Às vezes encontro-me a ler textos antigos que escrevi quando ainda era capaz de sentir, vejo-os como se outra pessoa os tivesse escrito por mim. Já não reconheço aquele rapaz que nunca satisfeito com o seu produto final, conseguia criar verdadeiras histórias épicas, autênticas sinfonias que melhor trabalhadas tinham o potencial para serem lembradas na própria História como autênticos clássicos contemporâneos.

Mas esse "dom" já não me pertence. Com o tempo perdi o olhar optimista que tinha sobre o Mundo. Os meus dias passaram de verdes colorações da realidade para constantes tardes cinzentas, vazias de esperança. Bom, não vazias, mas quase, pois é tão ínfimo o leve traço de sonhos e expectativas que me faz acordar todos os dias, que já não o consigo sentir.

Outra justificação, à qual sempre neguei qualquer influência, embora soubesse que estava a enganar-me a mim próprio, era a possibilidade de te encontrar, não no imediato, se assim fosse o Porto não teria sido a minha opção, por mais que na altura visse naquela cidade o meu "El Dorado", mas num futuro em que tivesses mudado o suficiente para te poder amar e para tu aceitares o meu amor, e o retribuíres com toda a entrega que uma relação épica, como aquela que imagino e desejo para mim, poderia dar.

Mas tudo isso não passava de uma ilusão. Pois tu não eras capaz desse feito, porque, na verdade, nunca soube, e ainda não sei, quem tu és. Apenas sei que não és assim. Embora hoje tal opção não faça qualquer sentido, não posso negar que na altura estes pensamentos não tenham tido qualquer tipo de influência na minha decisão. Pois a verdade é que tiveram.

Aprender a esquecer o passado foi uma lição que a faculdade não me ensinou. Talvez esquecer não seja a palavra certa, talvez devia ter dito "aprender a deixar o passado em paz". Independentemente dos motivos que levaram a esta decisão, três anos passaram, o caminho já foi percorrido e já é tarde para pensar no que me levou a o escolher. Três anos... Ditos desta forma quase parecem uma eternidade, mas passaram tão rápido que quase nem dei por isso.

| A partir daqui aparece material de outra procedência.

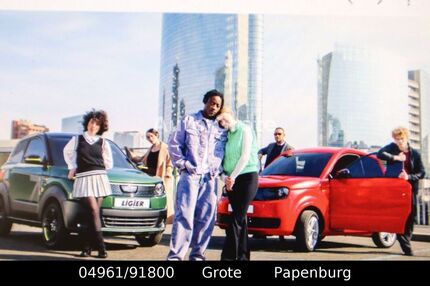 Ligier Andere Gebrauchtwagen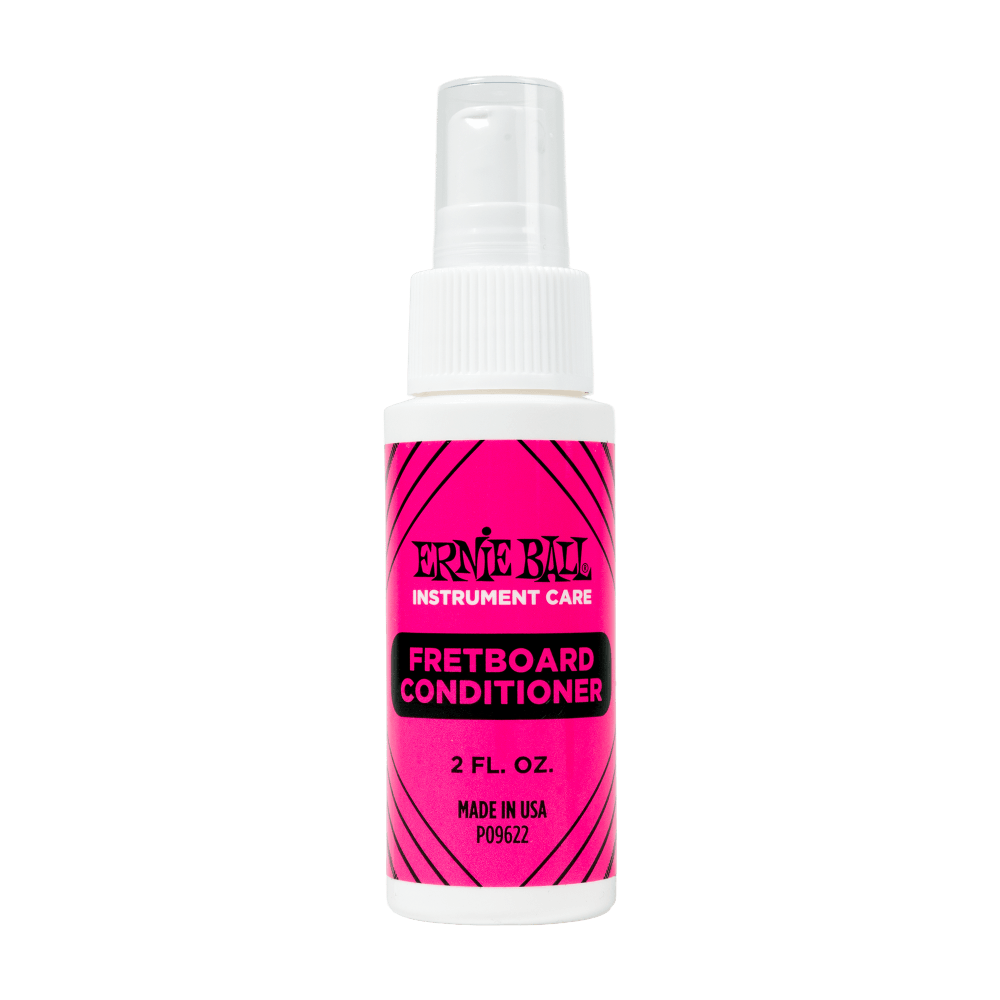 Ernie Ball Instrument Care Fretboard Conditioner - 2 Fl Oz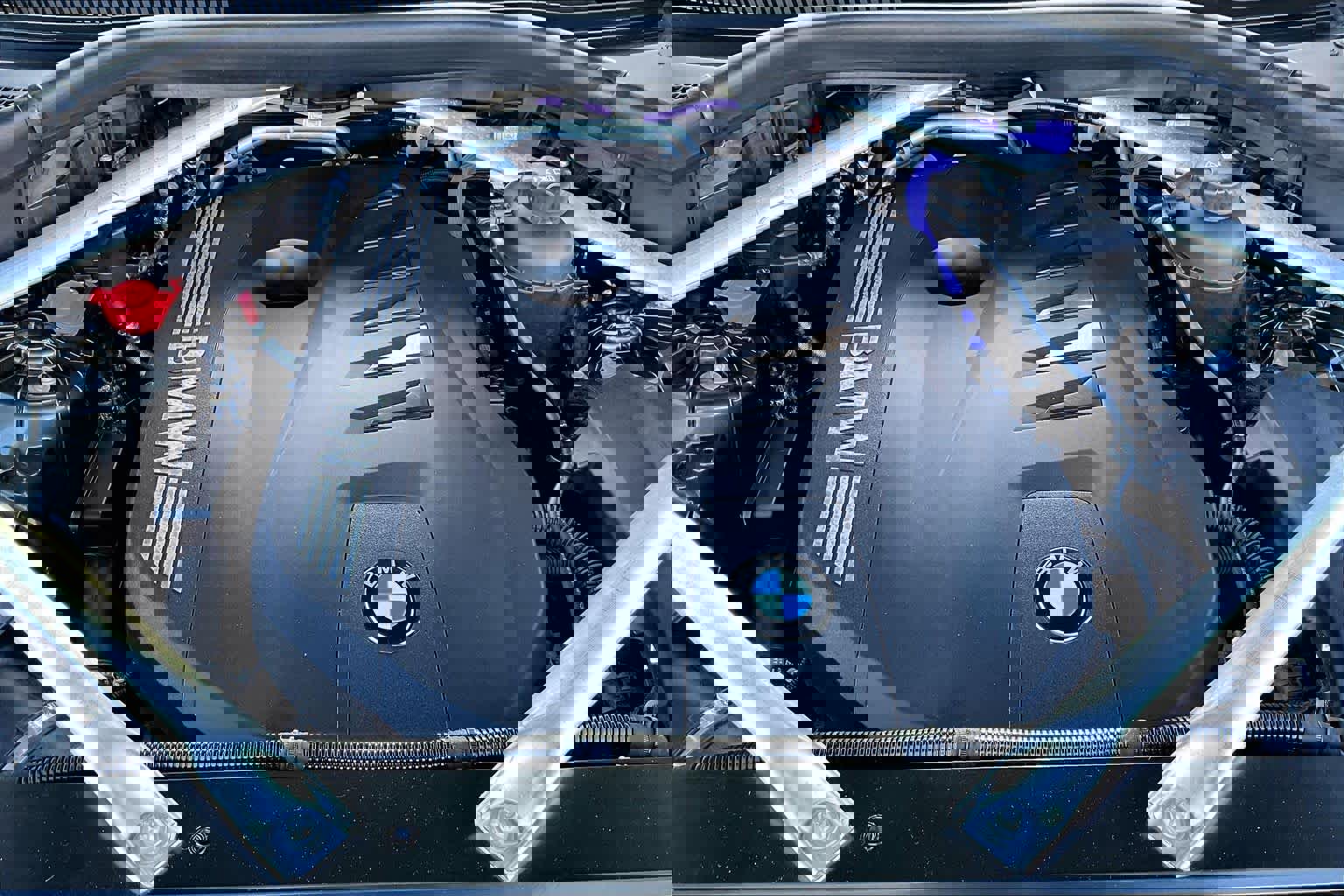 Used 2024 BMW X5 xDrive40i w/ Parking Assistance Package image 34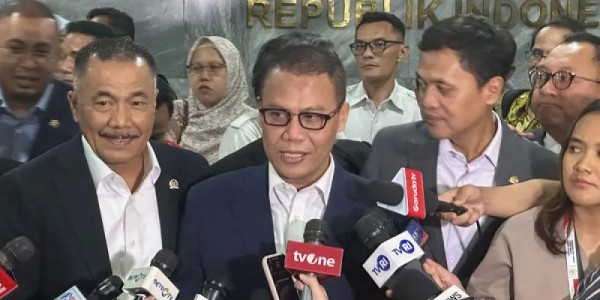 Bambang Pacul Jadi Wakil Ketua MPR RI dari PDI Perjuangan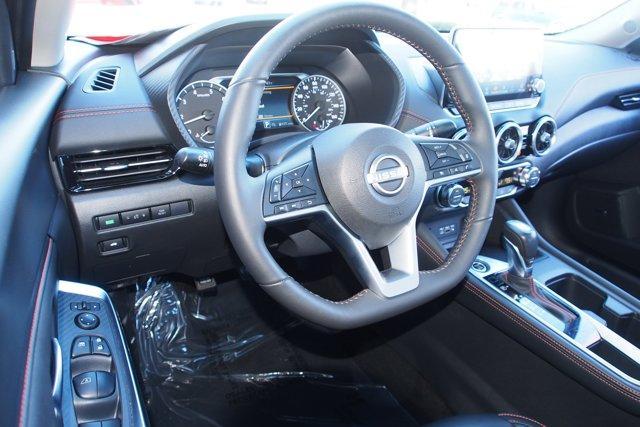used 2024 Nissan Sentra car, priced at $23,591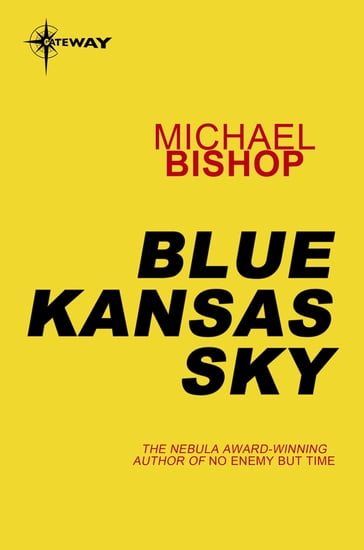 Blue Kansas Sky - Michael Bishop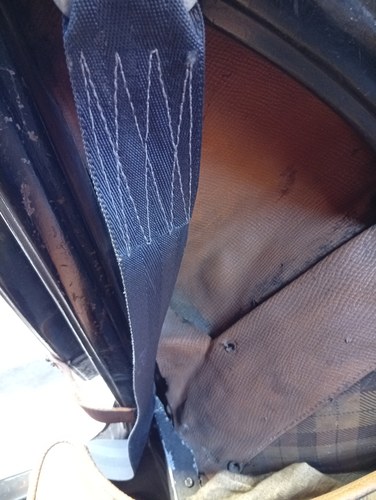 1939 Fiat 500 A Topolino zum Verkauf (Bild 62 von 223)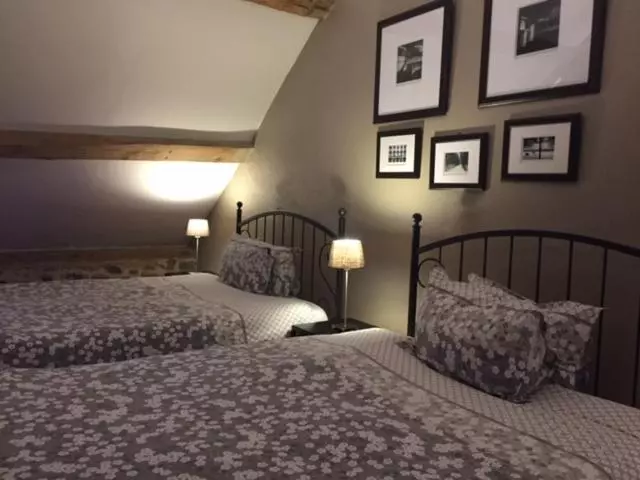 ベッドアンドブレックファースト L'ancien Pressoir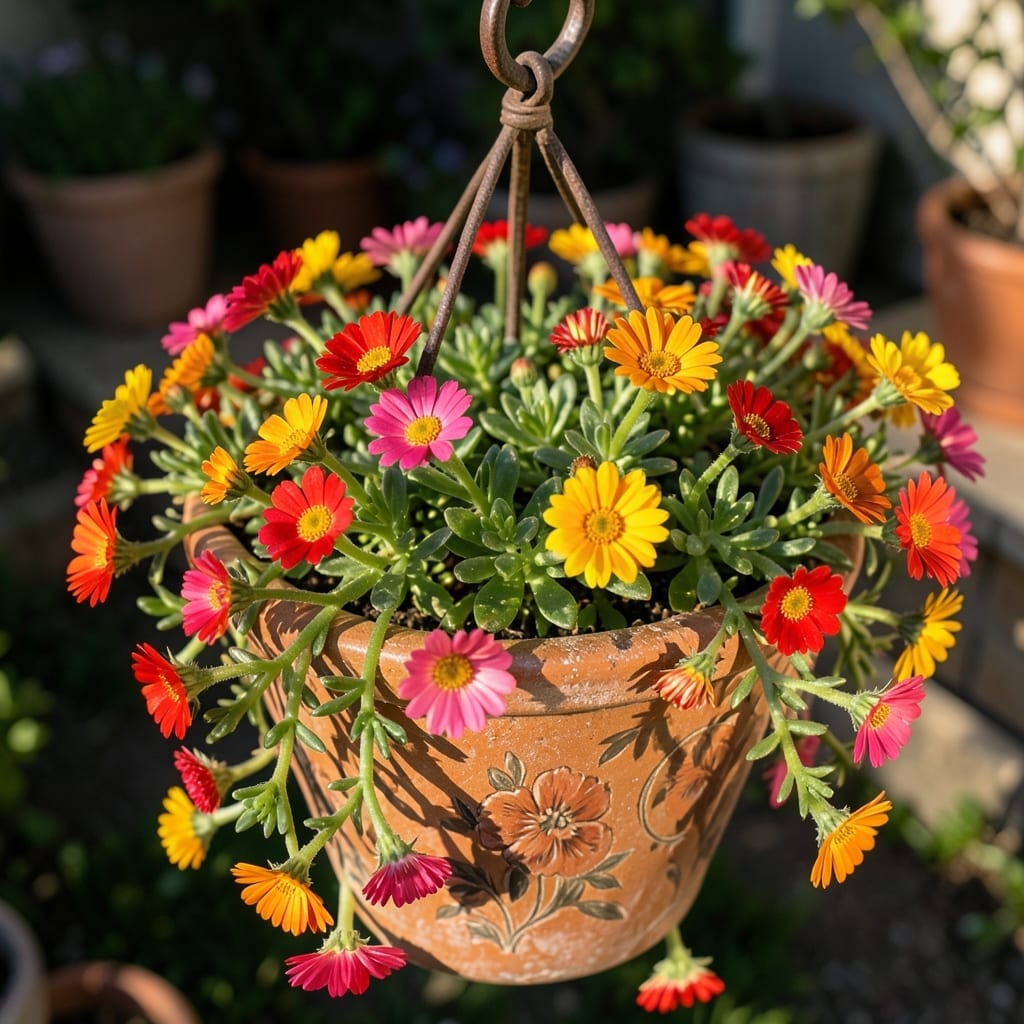 Portulaca Moss Rose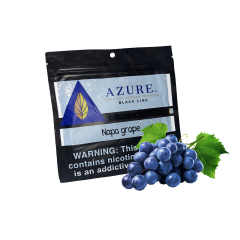 Тютюн Azure Black Napa grape (Напа грейп, 100 г)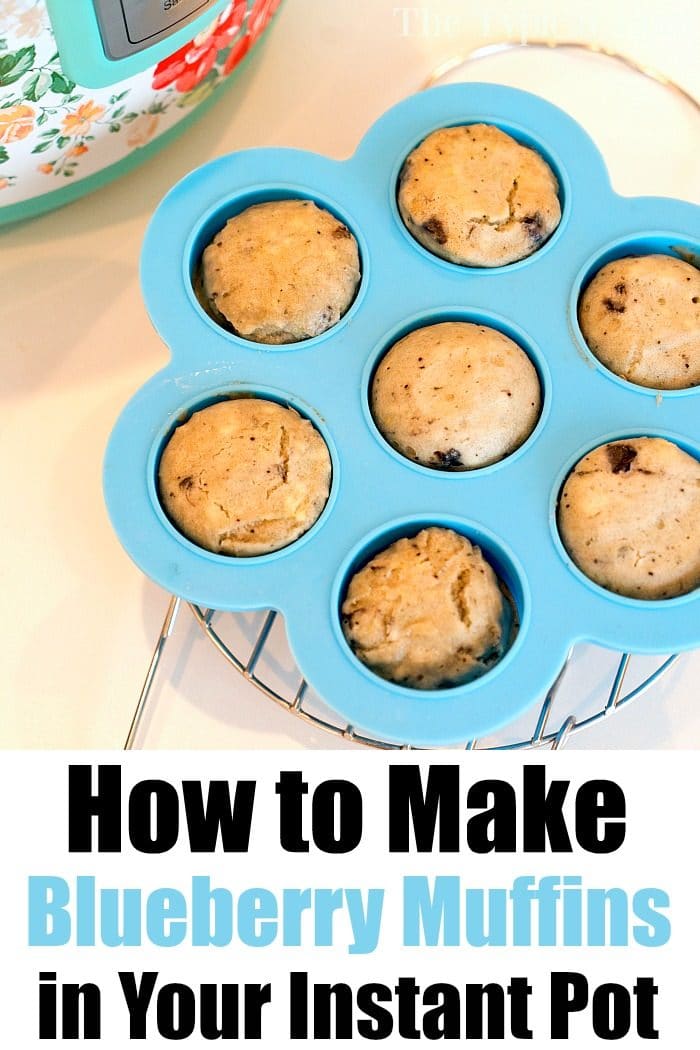 How to make Cake bite muffins in the Ninja Foodi 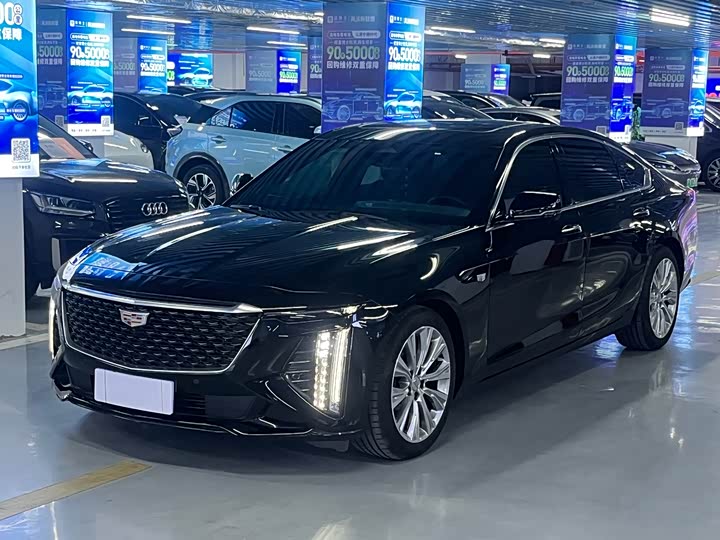 Cadillac CT6 2023 2023款 28T 尊贵型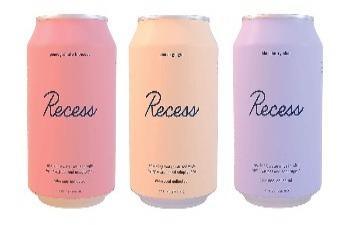 Recess Sparkling Water 12oz. - East Side Grocery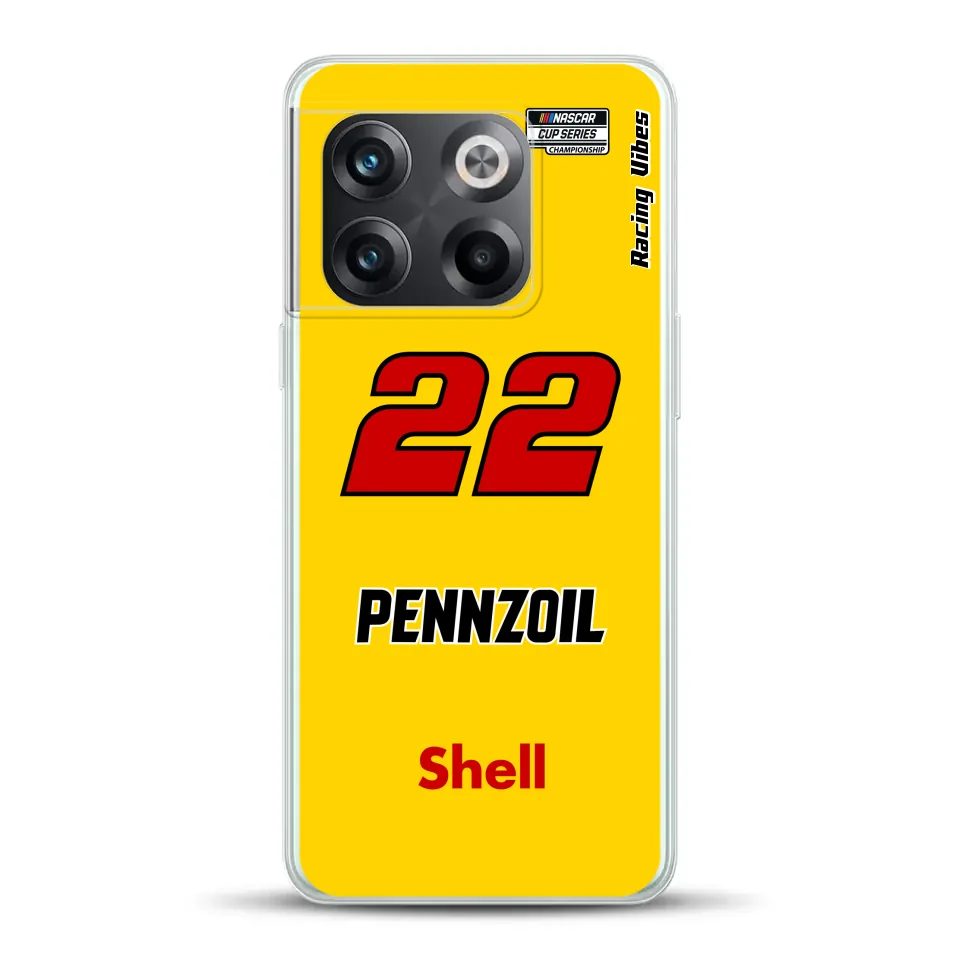 Nascar Joey Logano Champion 2024 Livery - Custom phone case
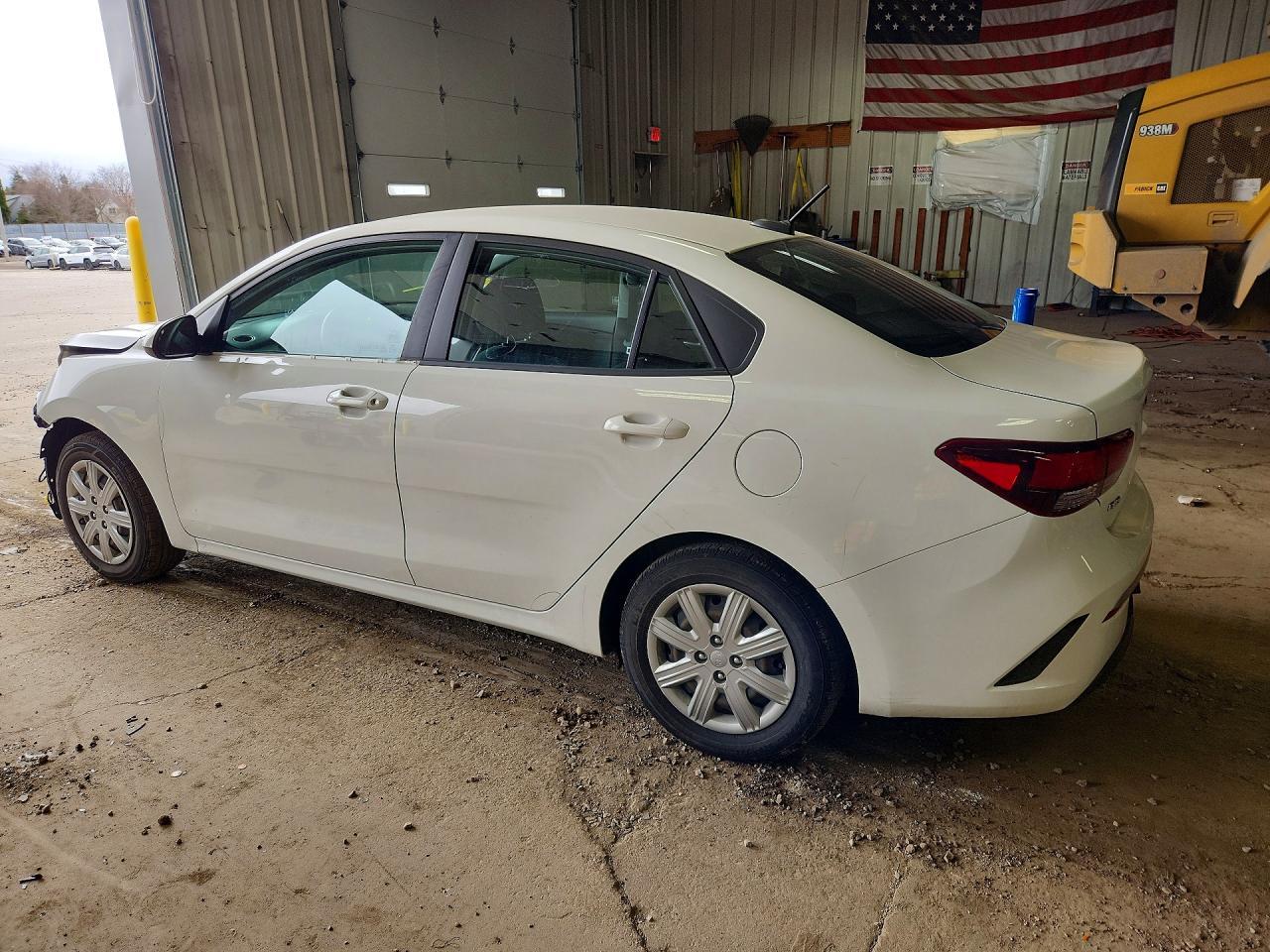 2021 KIA RIO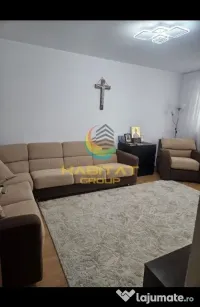 Brancoveanu piata Covasna vanzare 3camere renovat decomandat 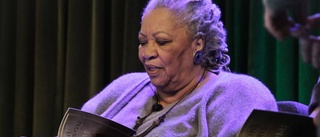 Toni Morrison är död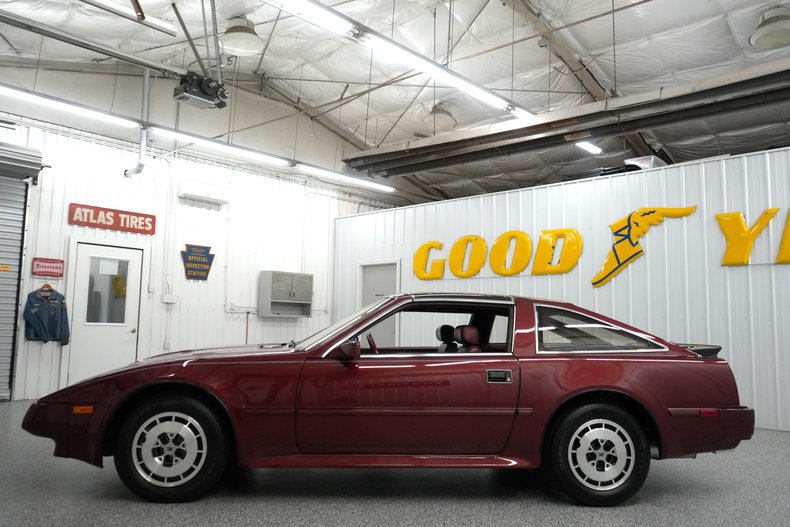 1986 Nissan 300ZX 2+2 6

Há não muito tempo atrás perguntei a uma pessoa se sentia que tinha vivido uma verdadeira experiência universitária. Ela respondeu que não – "faltou-me fumar o meu primeiro charro, apanhar a minha primeira bebedeira." A resposta surpreendeu-me, vindo de quem vinha, pois eu também penso da mesma forma, se bem que à sua resposta posso acrescentar: "faltou-me aprender a tocar guitarra; embora esteja a aprender Russo, estou longe de ser capaz de ler Dostoevsky na sua língua original; faltou-me ter uma vida boémia, saber mais sobre arte e literatura, ser capaz de citar autores e passar noites em lugares à margem da trivialidade dos lugares comuns, a ter discussões profundas sobre a própria existência; faltou-me pertencer a um grupo coeso no qual me sentisse pela primeira vez integrado, com o qual as saídas à noite estariam já implícitas e no qual encontraria sempre alguém disposto para me acompanhar a todos os eventos que faltei ou que não desfrutei na plenitude por não ter alguém para ir comigo, ou por levar alguém que fosse capaz de saborear a natureza do momento comigo; mas acima de tudo faltou-me amor. Uma primeira verdadeira paixão, uma primeira verdadeira relação. Faltou-me sentir pela primeira vez que alguém sente o mesmo que eu, que me compreende, que precisa de mim tanto como eu preciso dela e que quer estar comigo tanto como eu quero estar com ela. Tudo o resto é insignificante sem amor.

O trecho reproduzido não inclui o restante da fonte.